Golongan ketiga (para pemimpin) dipilih di antara para penjaga, khususnya mereka yag paling memahami filsafat (ahlinya: filosof). Dengan demikian, seorang penguasa bagi Plato harus seorang filosof-raja. Dengan menguasai filsafat, seorang raja akan mampu memahami melihat hakikat-hakikat rohani di belakang bayang-bayang inderawi yang selalu berubah-ubah ini. Hal ini mungkin dilakukan oleh sebab filsuf-raja telah melepaskan diri dari ikatan-ikat nafsu dan indera serta bebas dari pamrih. Sebab itu dapat dikatakan ahwa sumber kekuasaan adalah PENGETAHUAN yang dicapai melalui pendidikan.

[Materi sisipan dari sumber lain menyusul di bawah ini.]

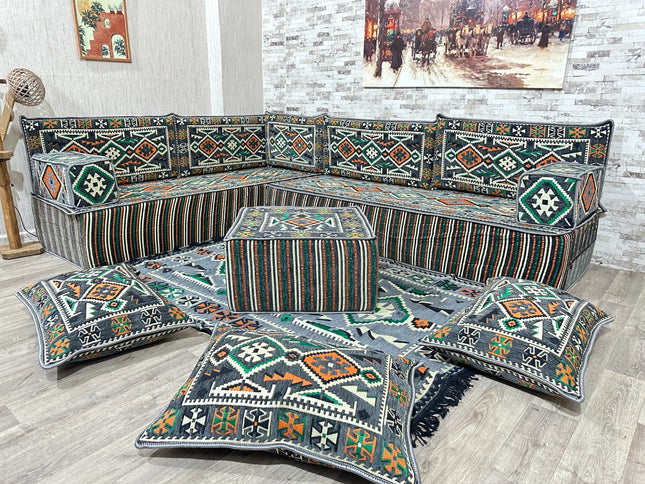 Arabische Majlis Sofa, L förmiges Orientalisches Sofa Set, Majlis-Sitzmöbel, Bodenkissen, Türkisches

Pemikiran Plato mengenai politik dapat dilihat pada skema berikut
Keterangan :
Penguasa menggunakan kekuasaan untuk mencapai kepentingan umum sebagai hasil dari kecerdasan mereka. Kepentingan umum sebaliknya, merupakan pemenuhan setiap potensi-pontesi yang ada pada diri individu. Otoritas akan dijalankan oleh filosof-raja yang memerintah untuk menegakkan keadilan. Keadilan diberikan kepada rakyat untuk diselenggarakan pada pemenuhan potensi-potensi yang dicapai melalui pekerjaan. Pekerjaan akhirnya akan menghasilkan sumber-sumber yang perlu untuk otoritas.
2. Tradisi Klasik Masa Aristoteles
Aristoteles (384-322 sM) mempersamakan tujuan negara dengan tujuan manusia: Menciptakan kebahagiaan (Eudaimonia). Manusia adalah makhluk sosial sekaligus zoon politikon (makhluk politik), sebab manusia tidak dapat berbuat banyak demi mencapai kebahagiaan tanpa bantuan orang lain. Sebab itu, manusia harus mau berinteraksi di dalam negara (berinteraksi dengan orang lain) demi mencapai kebahagiaan hidup sendiri dan bersama.
Dengan demikian, tugas negara bagi Aristoteles pun jelas: Mengusahakan kebahagiaan hidup warganegaranya. Aristoteles menentang gagasan Plato untuk menyerahkan kekuasaan negara hanya kepada filosof-raja yang tanpa konstitusi. Sebaliknya, Aristoteles menyarankan pembetukan suatu negara bernama POLITEIA (negara yang berkonstitusi). Pemimpin negara adalah orang yang ahli dan teruji kepemimpinannya secara praktis, bukan filsuf yang hanay duduk di ‘menara gading.’ Sumber kekuasaan dalam Politeia adalah hukum.
Bagi Aristoteles, kekuasaan suatu negara harus berada di tangan banyak orang agar suatu keputusan tidak dibuat secara pribadi melainkan kolektif. Namun, kekuasaan tersebut jangan berada di tangan golongan miskin atau kaya, melainkan golongan menengah.
Artinya, bentuk kekuasaanya berada di tengah-tengah antara oligarki dengan demokrasi. Satu hal penting lain, seluruh penguasa harus takluk kepada hukum. Bagi Aristoteles pun, negara sama seperti organisme: Ia mampu berkembang dan mati.
Secara sederhana, pemikiran Aristoteles mengenai politik dapat dilihat pada skema berikut ini
Aristoteles menekankan pentingnya konstitusi campuran yang merupakan aturan dasar kehidupan bernegara. Kontitusi ini harus menunjuk kebahagiaan setiap individu sebagai hal ideal yang harus dicapai suatu negara. Kebahagiaan secara praktis diturunkan ke dalam bentuk kebijaksanaan-kebijaksanaan praktis. Setiap kebijaksanaan menghasilkan pilihan-pilihan baru bagi para warganegara yang nantinya diwujudkan ke dalam bentuk konstitusi campuran.